Tongcheng’s Fan said that the surge in his company’s earnings was due to domestic market performance. And while outbound Chinese tourism – the largest in the world before Covid – is likely to resume, the patterns may shift, he added. In the first six months of this year, more than half of outbound Mainland Chinese tourists went to Macau, with another quarter going to Hong Kong. Much of the remainder went to nearby destinations like Taiwan, Japan and Thailand.

Tongcheng’s stock hit a 52-week high of HK$20.40 in January after China ended its “zero Covid” policy, but has tracked downward since then. But even at its latest close of HK$17.58, its current P/E ratio of 63 reflects investor expectations that Tongcheng shares, as well as its profits, will continue to rise. Indeed, analysts polled by Yahoo Finance expect the company’s profit to rise 20% next year.

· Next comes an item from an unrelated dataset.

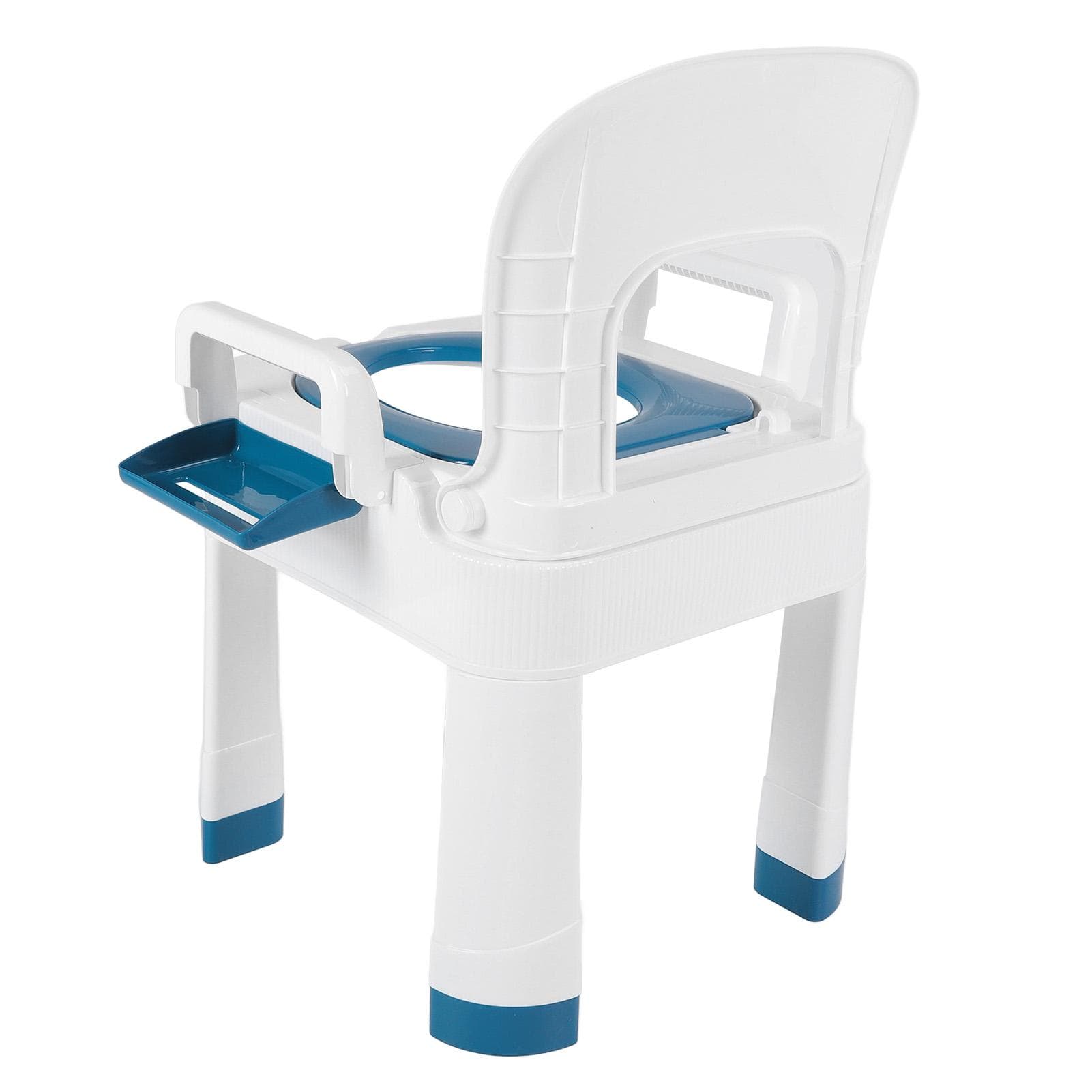 Folding Squat Toilet Commode Chair Shower Toilet Chair with Widened Armrests for Elderly Pregnant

H World trades at an even higher P/E ratio of 84, while Trip.com trades at 33. All those are higher than the international companies like Expedia, which trades at a ratio of 19, and Booking Holdings, which trades at 27. Tongcheng’s high valuation may seem reasonable for those who believe that China’s post-Covid travel rebound will continue despite increasingly gloomy sounds from other parts of the economy.

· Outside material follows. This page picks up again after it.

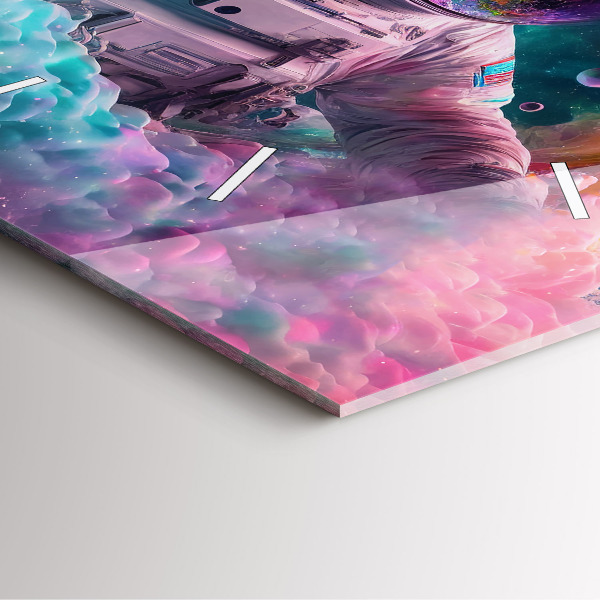 Szögletes fali üvegóra Űrhajós és színes felhők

And there is certainly reason to bet on Tongcheng’s prospects as one of China’s dominant domestic online travel agencies. It has taken an intensive strategy of applying artificial intelligence (AI) to all aspects of its operations, which helped to boost its average monthly active users (MAUs) by 41.1% year-on-year to 278.8 million in the second quarter. Its monthly paying users increased by an even larger 61.7% to 42.2 million, while its gross merchandise value (GMV) jumped by 145.7% to 59.7 billion yuan.

It said it reached those heights by diversifying its online traffic channels away from its reliance on Tencent. It did that through more effective user engagement, including partnerships with handset vendors, hotels, public transit and music festivals. In the quarter, it established partnerships with the major Chengdu International Airport and Henan Province Airport Group to develop AI-driven solutions.

Tongcheng seems well positioned to dominate the domestic Chinese market by using technology and its monopoly of the WeChat and QQ payment platforms to its advantage. Now, the big question is whether China’s travel boom will maintain its momentum from the first half of the year, even in the face of growing signs of a slowdown in other parts of the economy.